Could you repeat the records below exactly, leaving the pictures out?

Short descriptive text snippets
══════════════════════════════
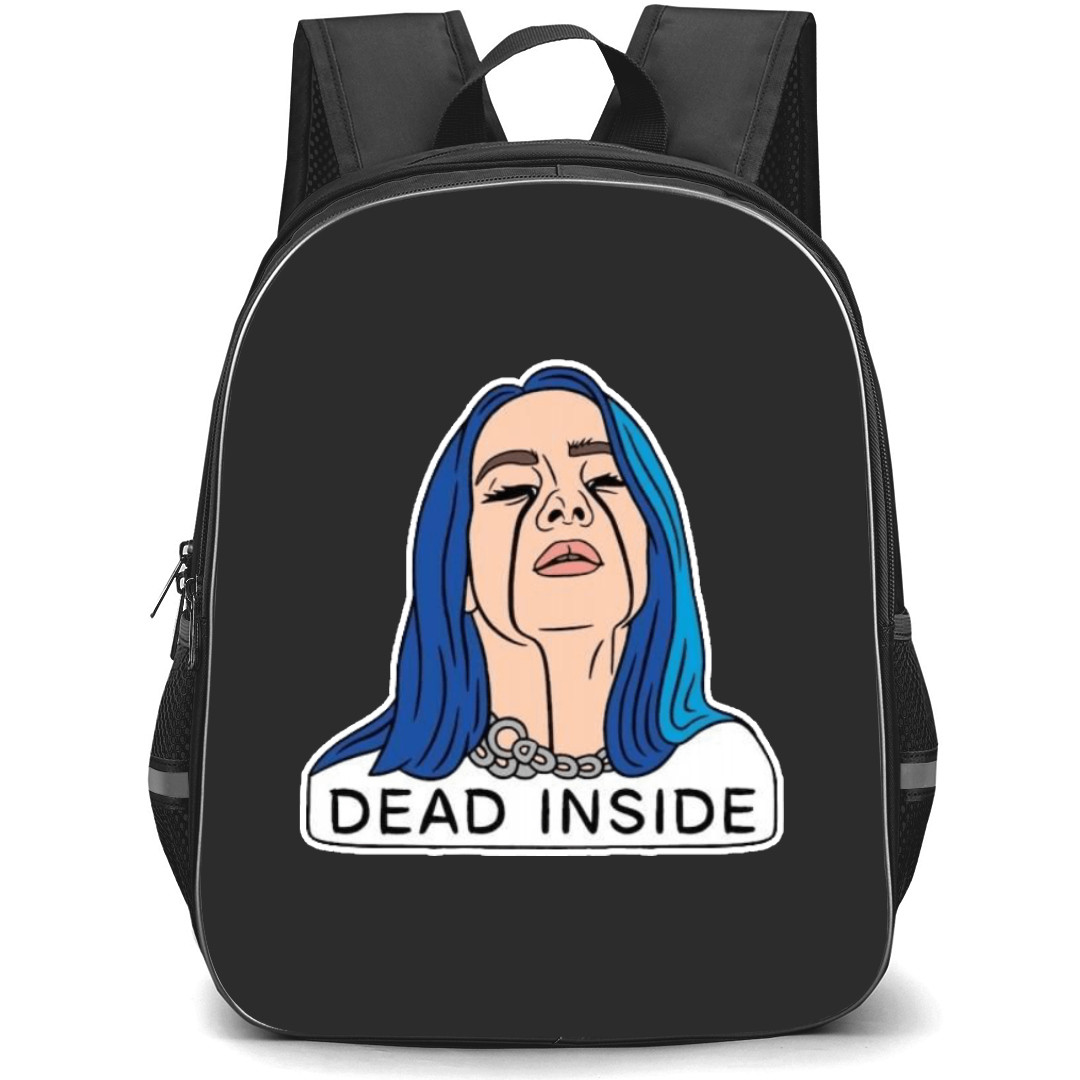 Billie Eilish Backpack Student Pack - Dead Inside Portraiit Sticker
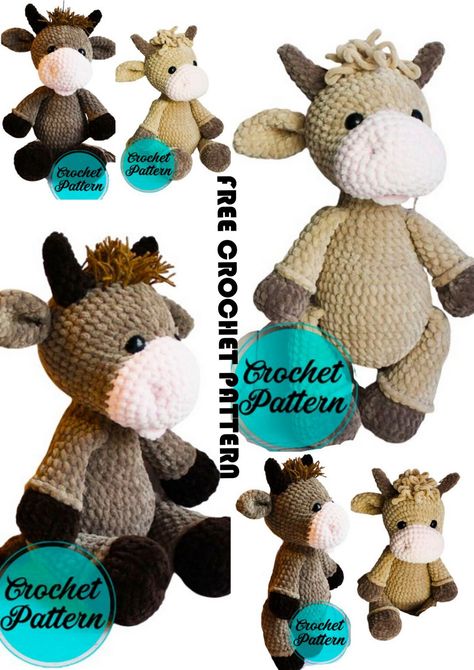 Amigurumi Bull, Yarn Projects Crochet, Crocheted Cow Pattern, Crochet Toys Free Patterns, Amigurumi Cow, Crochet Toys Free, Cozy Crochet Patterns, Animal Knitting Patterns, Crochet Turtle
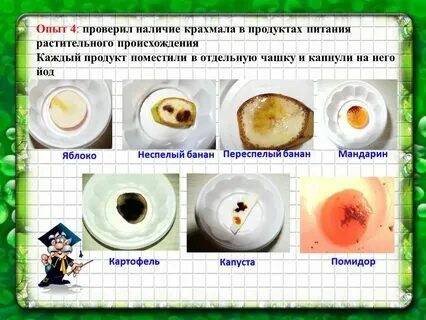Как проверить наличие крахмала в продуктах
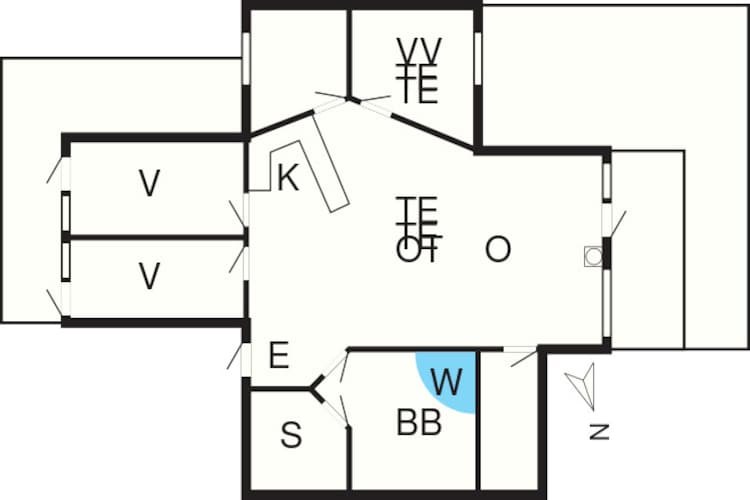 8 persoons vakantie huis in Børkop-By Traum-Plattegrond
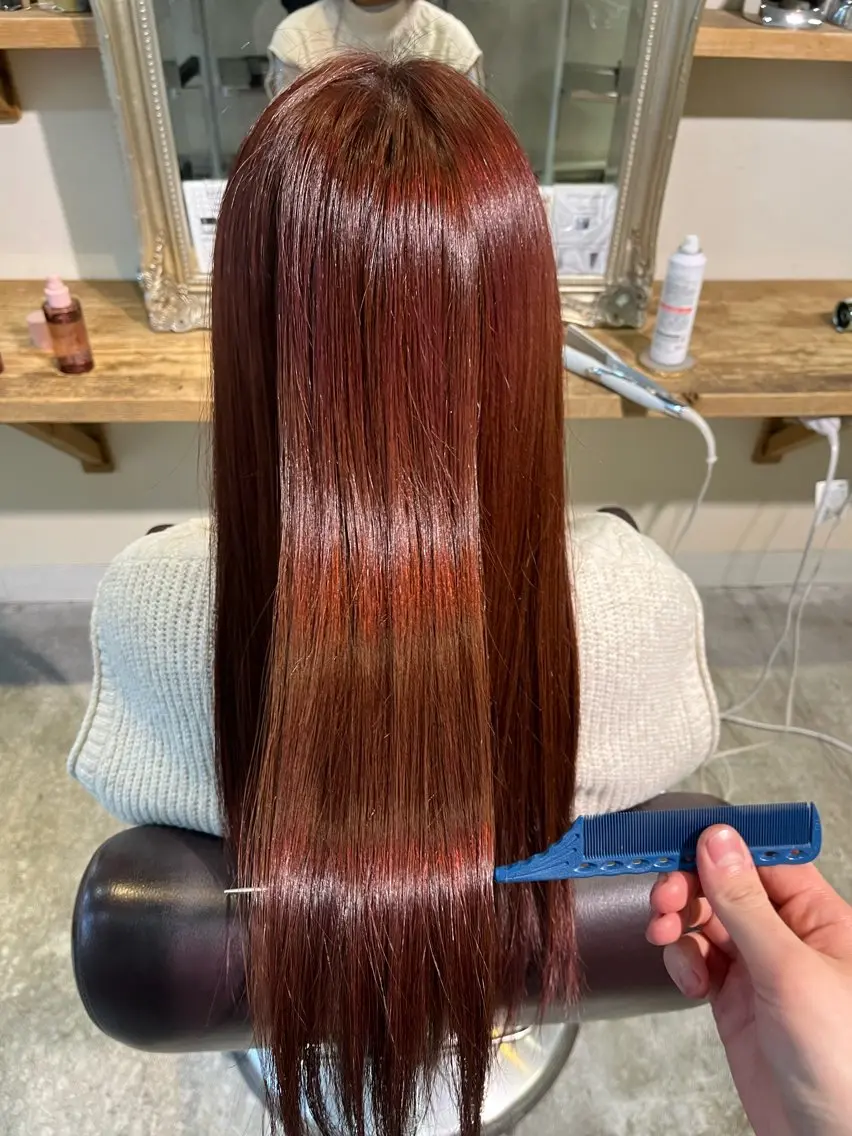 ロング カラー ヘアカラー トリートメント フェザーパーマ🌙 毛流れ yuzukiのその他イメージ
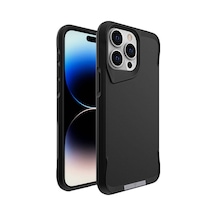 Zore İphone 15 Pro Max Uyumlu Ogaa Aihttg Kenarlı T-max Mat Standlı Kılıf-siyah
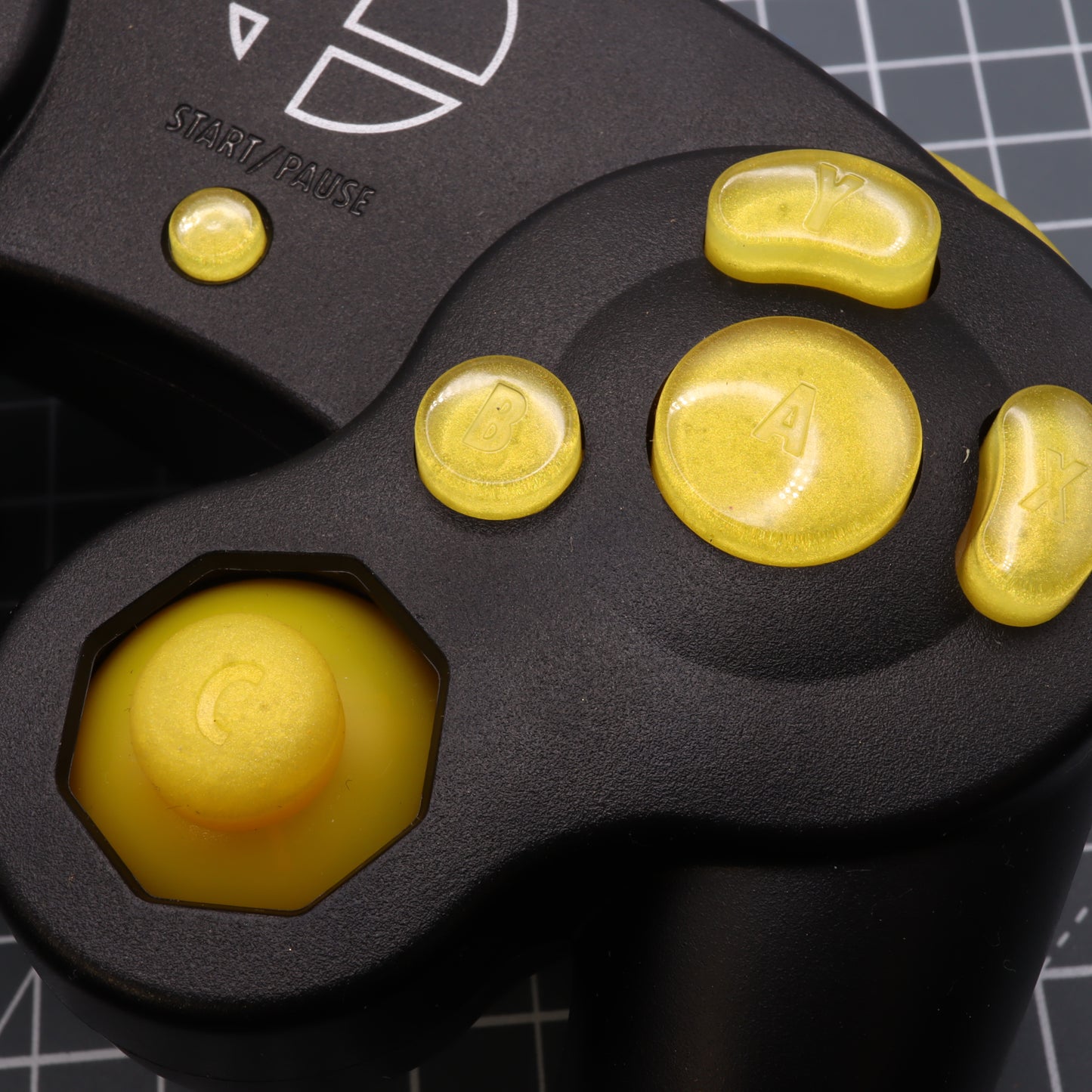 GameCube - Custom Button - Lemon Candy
══════════════════════════════
## SOLUTION BELOW
 Billie Eilish Backpack Student Pack - Dead Inside Portraiit Sticker
 Amigurumi Bull, Yarn Projects Crochet, Crocheted Cow Pattern, Crochet Toys Free Patterns, Amigurumi Cow, Crochet Toys Free, Cozy Crochet Patterns, Animal Knitting Patterns, Crochet Turtle
Как проверить наличие крахмала в продуктах
 8 persoons vakantie huis in Børkop-By Traum-Plattegrond
 ロング カラー ヘアカラー トリートメント フェザーパーマ🌙 毛流れ yuzukiのその他イメージ
 Zore İphone 15 Pro Max Uyumlu Ogaa Aihttg Kenarlı T-max Mat Standlı Kılıf-siyah
 GameCube - Custom Button - Lemon Candy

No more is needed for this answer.